● ABOUT THIS TASK:
Which lines run from the one containing "tra-hoa-sen-say-kho-7" to the end of the entries below? Retype exactly those, both ends included.

● SOURCE DATA:

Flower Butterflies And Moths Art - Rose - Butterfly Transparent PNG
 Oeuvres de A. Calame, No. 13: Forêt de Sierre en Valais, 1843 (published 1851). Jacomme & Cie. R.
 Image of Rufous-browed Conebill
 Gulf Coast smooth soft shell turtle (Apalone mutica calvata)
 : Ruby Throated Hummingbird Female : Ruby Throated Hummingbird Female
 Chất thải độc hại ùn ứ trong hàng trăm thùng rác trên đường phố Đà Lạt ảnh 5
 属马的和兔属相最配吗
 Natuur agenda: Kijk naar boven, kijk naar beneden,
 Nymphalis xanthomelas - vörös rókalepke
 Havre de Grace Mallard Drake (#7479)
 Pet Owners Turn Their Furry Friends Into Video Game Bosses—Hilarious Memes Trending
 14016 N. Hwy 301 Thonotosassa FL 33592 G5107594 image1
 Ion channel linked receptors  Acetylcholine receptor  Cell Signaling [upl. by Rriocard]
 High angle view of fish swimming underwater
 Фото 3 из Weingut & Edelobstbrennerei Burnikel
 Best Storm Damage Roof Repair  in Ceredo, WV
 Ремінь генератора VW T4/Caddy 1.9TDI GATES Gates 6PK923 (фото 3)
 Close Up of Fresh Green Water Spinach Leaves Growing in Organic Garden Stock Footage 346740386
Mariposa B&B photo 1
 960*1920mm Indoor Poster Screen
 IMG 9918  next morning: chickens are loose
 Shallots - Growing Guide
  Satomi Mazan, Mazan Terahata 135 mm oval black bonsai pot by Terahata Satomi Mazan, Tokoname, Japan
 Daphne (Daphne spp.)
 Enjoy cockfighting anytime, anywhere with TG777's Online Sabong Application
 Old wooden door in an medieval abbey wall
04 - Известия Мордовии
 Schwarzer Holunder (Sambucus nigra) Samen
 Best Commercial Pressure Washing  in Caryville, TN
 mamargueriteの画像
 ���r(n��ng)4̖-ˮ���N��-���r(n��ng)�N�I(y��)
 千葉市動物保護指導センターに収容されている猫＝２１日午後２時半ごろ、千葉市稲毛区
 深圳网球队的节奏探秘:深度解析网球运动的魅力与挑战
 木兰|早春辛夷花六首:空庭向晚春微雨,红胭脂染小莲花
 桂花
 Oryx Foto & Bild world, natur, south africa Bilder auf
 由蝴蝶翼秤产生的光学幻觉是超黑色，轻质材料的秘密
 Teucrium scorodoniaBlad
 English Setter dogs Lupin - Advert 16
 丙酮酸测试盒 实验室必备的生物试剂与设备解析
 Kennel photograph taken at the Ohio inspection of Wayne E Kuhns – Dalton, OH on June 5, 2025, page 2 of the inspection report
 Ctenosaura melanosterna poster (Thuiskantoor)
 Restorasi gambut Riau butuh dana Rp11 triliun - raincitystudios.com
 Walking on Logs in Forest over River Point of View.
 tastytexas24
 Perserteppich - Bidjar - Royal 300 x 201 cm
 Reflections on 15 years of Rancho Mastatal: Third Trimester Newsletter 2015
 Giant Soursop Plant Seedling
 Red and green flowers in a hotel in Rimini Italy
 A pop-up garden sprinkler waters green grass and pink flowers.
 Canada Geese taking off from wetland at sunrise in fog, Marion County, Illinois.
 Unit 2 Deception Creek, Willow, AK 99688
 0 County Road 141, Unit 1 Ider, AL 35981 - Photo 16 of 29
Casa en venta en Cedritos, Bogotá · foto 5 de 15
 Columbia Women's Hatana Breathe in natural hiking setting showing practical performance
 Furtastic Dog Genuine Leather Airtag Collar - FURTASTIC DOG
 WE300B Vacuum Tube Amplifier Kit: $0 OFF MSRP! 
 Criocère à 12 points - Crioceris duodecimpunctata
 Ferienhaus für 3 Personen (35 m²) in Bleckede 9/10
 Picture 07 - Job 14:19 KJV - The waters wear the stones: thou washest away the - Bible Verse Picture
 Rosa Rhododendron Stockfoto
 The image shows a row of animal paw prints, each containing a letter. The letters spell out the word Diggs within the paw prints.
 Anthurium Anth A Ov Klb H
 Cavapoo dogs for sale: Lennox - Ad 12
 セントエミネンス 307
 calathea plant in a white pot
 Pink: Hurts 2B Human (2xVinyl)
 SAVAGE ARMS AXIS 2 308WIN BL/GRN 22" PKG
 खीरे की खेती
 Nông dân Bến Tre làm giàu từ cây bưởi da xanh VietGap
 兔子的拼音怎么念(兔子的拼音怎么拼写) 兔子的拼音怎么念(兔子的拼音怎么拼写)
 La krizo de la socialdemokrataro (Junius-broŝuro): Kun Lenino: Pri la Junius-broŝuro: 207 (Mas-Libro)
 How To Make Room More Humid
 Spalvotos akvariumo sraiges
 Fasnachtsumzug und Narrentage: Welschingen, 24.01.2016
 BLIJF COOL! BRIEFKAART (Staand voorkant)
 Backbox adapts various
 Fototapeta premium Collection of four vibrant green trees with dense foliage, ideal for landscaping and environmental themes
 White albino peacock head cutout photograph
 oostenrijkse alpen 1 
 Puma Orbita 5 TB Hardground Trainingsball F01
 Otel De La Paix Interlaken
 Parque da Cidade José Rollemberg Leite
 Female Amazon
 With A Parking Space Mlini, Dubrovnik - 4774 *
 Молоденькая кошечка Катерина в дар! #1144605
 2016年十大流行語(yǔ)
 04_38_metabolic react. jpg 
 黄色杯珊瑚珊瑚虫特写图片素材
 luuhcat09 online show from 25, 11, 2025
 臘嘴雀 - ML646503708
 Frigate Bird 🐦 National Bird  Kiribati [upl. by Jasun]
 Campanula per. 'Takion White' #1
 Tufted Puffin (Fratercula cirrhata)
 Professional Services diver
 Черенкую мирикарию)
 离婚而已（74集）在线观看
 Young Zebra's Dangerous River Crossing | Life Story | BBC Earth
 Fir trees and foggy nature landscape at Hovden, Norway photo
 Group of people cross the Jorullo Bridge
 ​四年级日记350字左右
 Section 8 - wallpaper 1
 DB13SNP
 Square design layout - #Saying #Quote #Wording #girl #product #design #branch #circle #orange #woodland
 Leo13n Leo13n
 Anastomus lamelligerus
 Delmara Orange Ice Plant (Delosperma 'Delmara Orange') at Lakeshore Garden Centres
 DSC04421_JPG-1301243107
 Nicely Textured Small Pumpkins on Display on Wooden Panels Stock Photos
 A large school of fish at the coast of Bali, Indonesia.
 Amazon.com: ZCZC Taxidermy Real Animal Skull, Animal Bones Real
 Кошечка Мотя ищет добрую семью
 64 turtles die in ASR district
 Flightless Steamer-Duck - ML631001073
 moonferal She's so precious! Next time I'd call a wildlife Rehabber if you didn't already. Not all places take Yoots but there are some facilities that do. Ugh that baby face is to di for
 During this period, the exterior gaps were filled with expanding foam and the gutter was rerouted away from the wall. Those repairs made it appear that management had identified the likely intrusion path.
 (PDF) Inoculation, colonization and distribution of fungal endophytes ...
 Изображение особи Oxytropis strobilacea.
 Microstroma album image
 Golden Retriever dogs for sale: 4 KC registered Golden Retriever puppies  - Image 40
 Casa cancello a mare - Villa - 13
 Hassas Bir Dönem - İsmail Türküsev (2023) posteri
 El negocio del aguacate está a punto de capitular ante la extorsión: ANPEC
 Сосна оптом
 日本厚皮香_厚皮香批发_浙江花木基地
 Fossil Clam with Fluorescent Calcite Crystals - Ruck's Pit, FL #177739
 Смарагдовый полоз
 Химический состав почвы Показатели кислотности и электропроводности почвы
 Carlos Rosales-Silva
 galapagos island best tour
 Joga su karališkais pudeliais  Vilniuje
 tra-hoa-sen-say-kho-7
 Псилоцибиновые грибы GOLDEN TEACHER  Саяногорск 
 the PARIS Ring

● EXERCISE RESPONSE:
 tra-hoa-sen-say-kho-7
 Псилоцибиновые грибы GOLDEN TEACHER  Саяногорск 
 the PARIS Ring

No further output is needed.